* Task prompt: Leave out the pictures, then output the lines of the records below from the first through the one containing "Now if you're".

[Stored data]
########

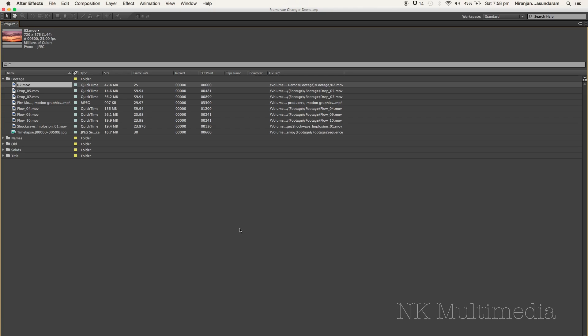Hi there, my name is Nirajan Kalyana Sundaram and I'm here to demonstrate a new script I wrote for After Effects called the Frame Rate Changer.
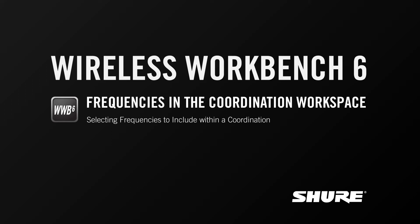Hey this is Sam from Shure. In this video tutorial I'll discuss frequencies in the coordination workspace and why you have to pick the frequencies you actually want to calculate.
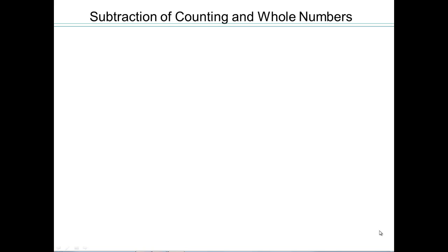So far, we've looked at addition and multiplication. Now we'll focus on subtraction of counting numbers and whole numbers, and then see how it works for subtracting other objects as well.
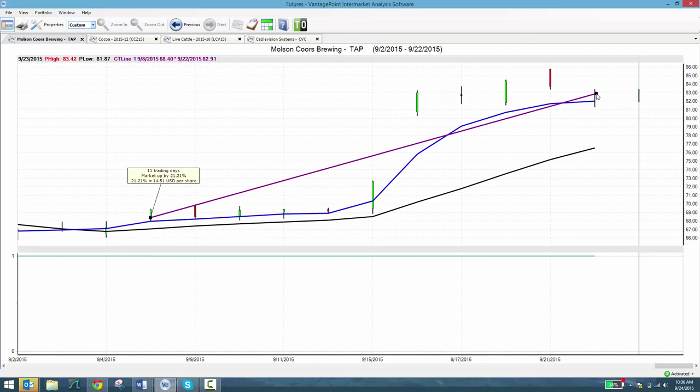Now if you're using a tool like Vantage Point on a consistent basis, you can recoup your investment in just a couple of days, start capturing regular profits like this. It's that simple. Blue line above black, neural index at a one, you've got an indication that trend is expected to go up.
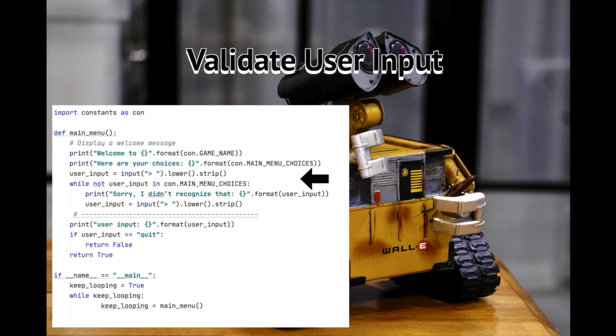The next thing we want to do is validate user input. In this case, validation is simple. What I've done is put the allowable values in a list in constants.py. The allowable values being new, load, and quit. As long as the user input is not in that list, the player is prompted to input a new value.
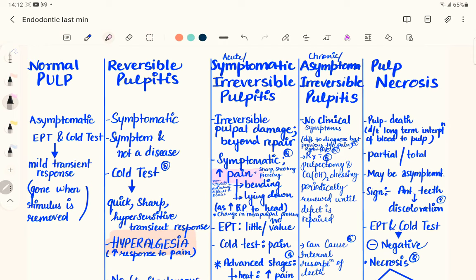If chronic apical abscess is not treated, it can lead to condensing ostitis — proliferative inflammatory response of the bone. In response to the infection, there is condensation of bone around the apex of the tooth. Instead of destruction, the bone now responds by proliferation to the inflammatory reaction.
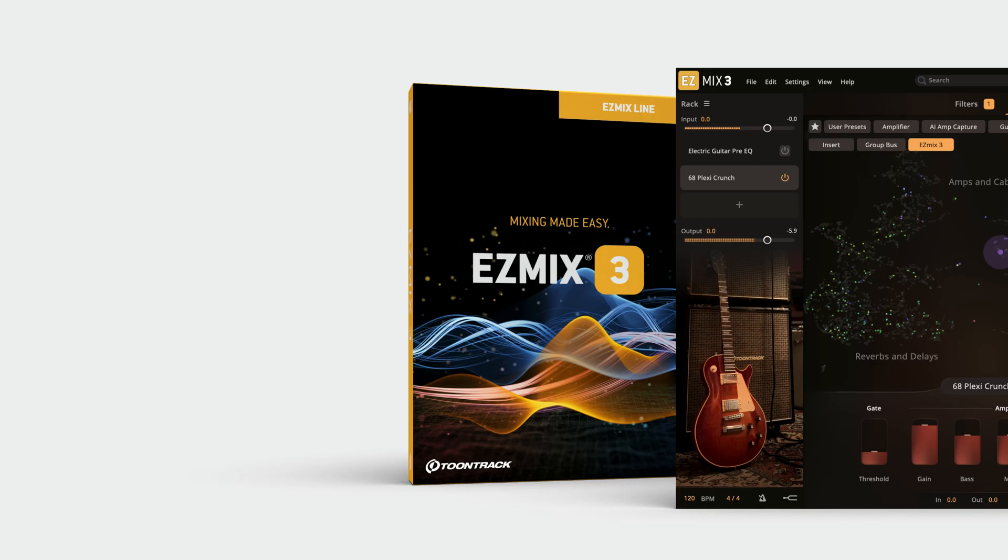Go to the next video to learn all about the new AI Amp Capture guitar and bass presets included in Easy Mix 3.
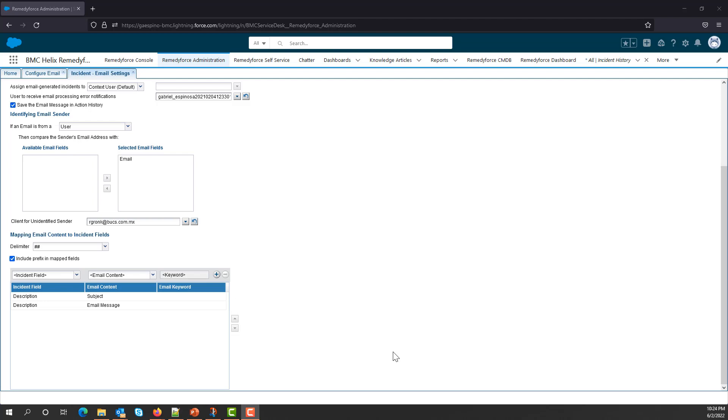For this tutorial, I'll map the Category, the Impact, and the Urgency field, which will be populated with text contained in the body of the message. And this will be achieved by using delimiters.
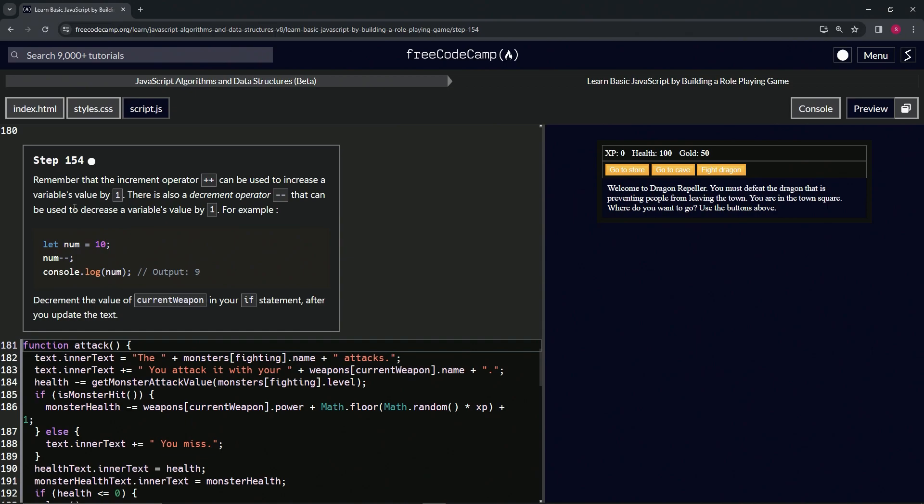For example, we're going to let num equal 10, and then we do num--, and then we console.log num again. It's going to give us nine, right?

########

* Solved exercise:
Hi there, my name is Nirajan Kalyana Sundaram and I'm here to demonstrate a new script I wrote for After Effects called the Frame Rate Changer.
Hey this is Sam from Shure. In this video tutorial I'll discuss frequencies in the coordination workspace and why you have to pick the frequencies you actually want to calculate.
So far, we've looked at addition and multiplication. Now we'll focus on subtraction of counting numbers and whole numbers, and then see how it works for subtracting other objects as well.
Now if you're using a tool like Vantage Point on a consistent basis, you can recoup your investment in just a couple of days, start capturing regular profits like this. It's that simple. Blue line above black, neural index at a one, you've got an indication that trend is expected to go up.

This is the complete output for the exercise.